WHAT NEEDS TO BE DONE: For this exercise, output exactly and only the lines running from the one with "世界地图高清地图2022最新版" through the final line of the data below, without pictures.

============================================================

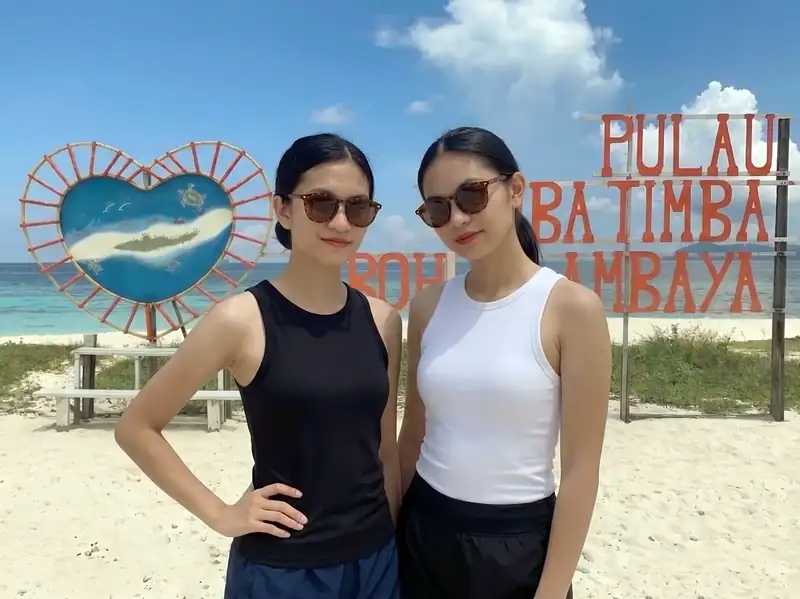Exploring Pulau Timba Timba sandbars with Mussah Poteh Resort in the Semporna archipelago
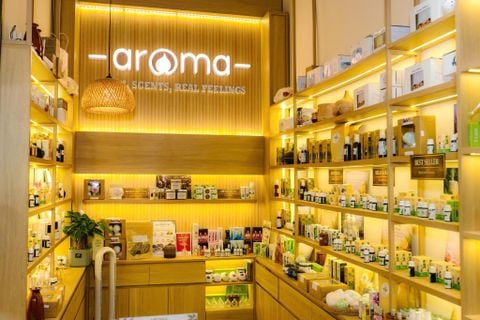 Essential Oil Shop near My Khe Beach, Da Nang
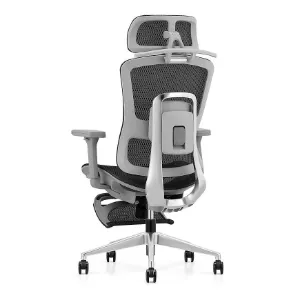 Obrazek Fotel Biurowy Angel Homer Czarny-Szary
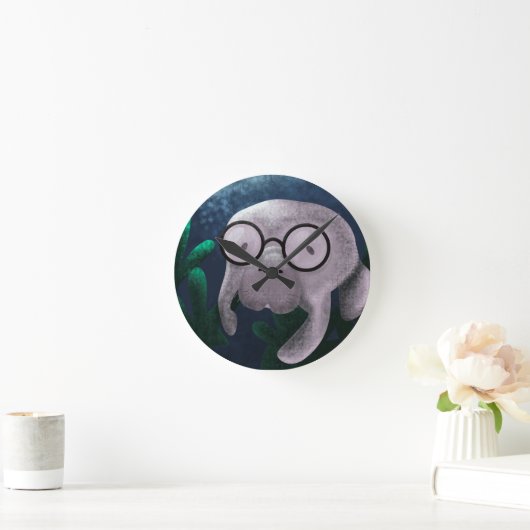 Horloge Manatee (Maison)
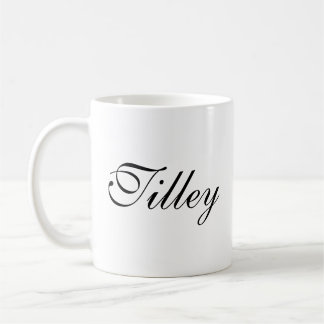 Tilley Mug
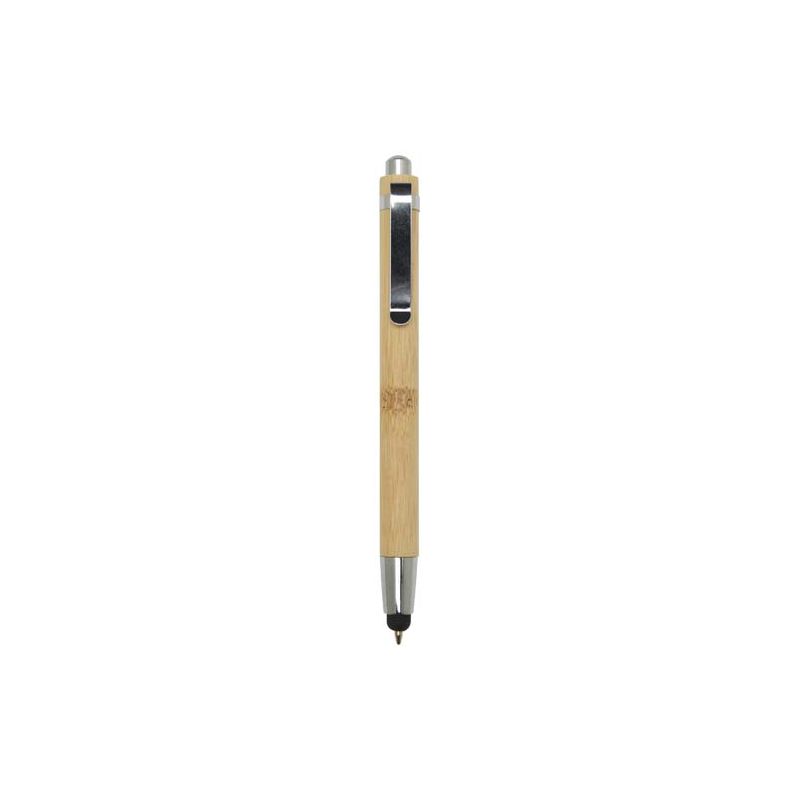 Stylo à bille en bambou "Elm" (encre noire)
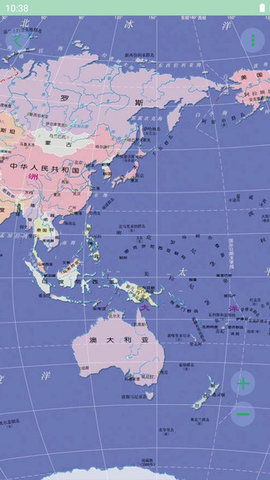 世界地图高清地图2022最新版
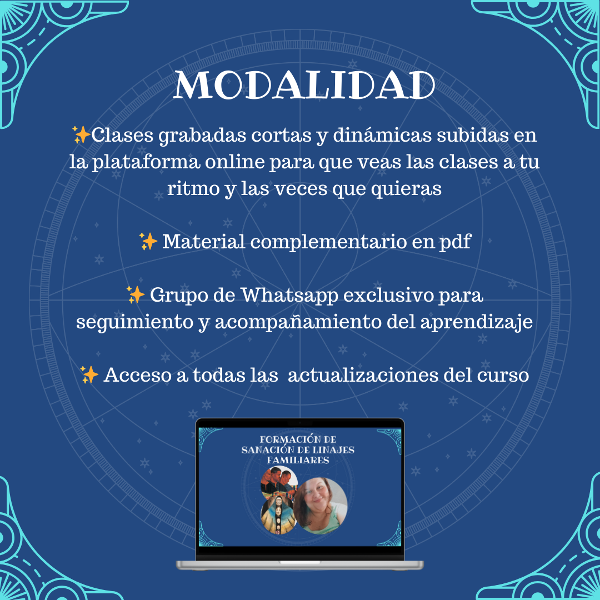 Producto - Formación de sanación de linajes familiares - 4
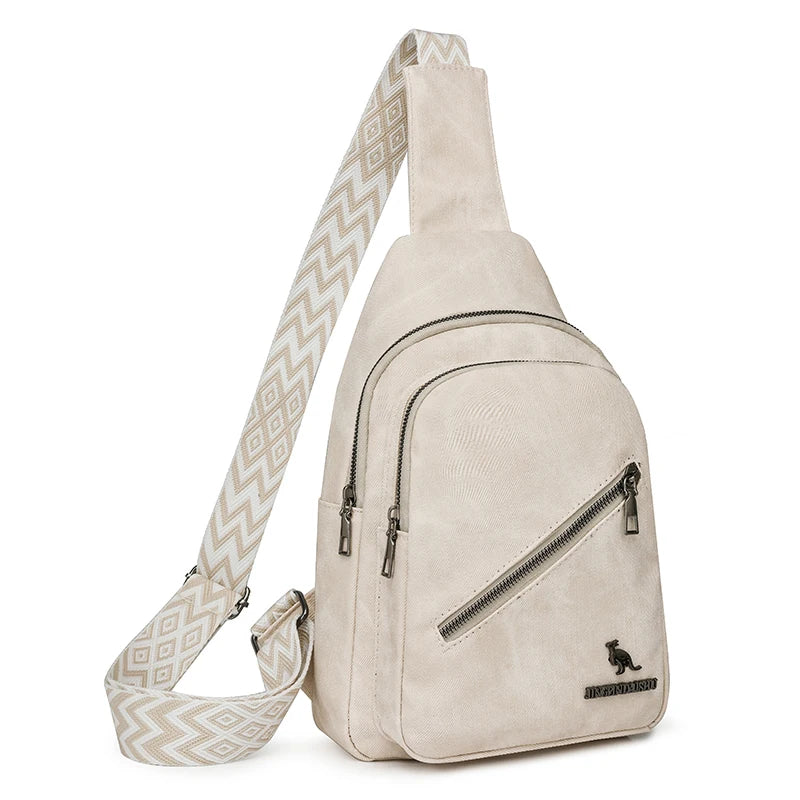High-Quality Women's Waterproof Chest Bag | Large Capacity Crossbody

============================================================

RESPONSE:
 世界地图高清地图2022最新版
 Producto - Formación de sanación de linajes familiares - 4
High-Quality Women's Waterproof Chest Bag | Large Capacity Crossbody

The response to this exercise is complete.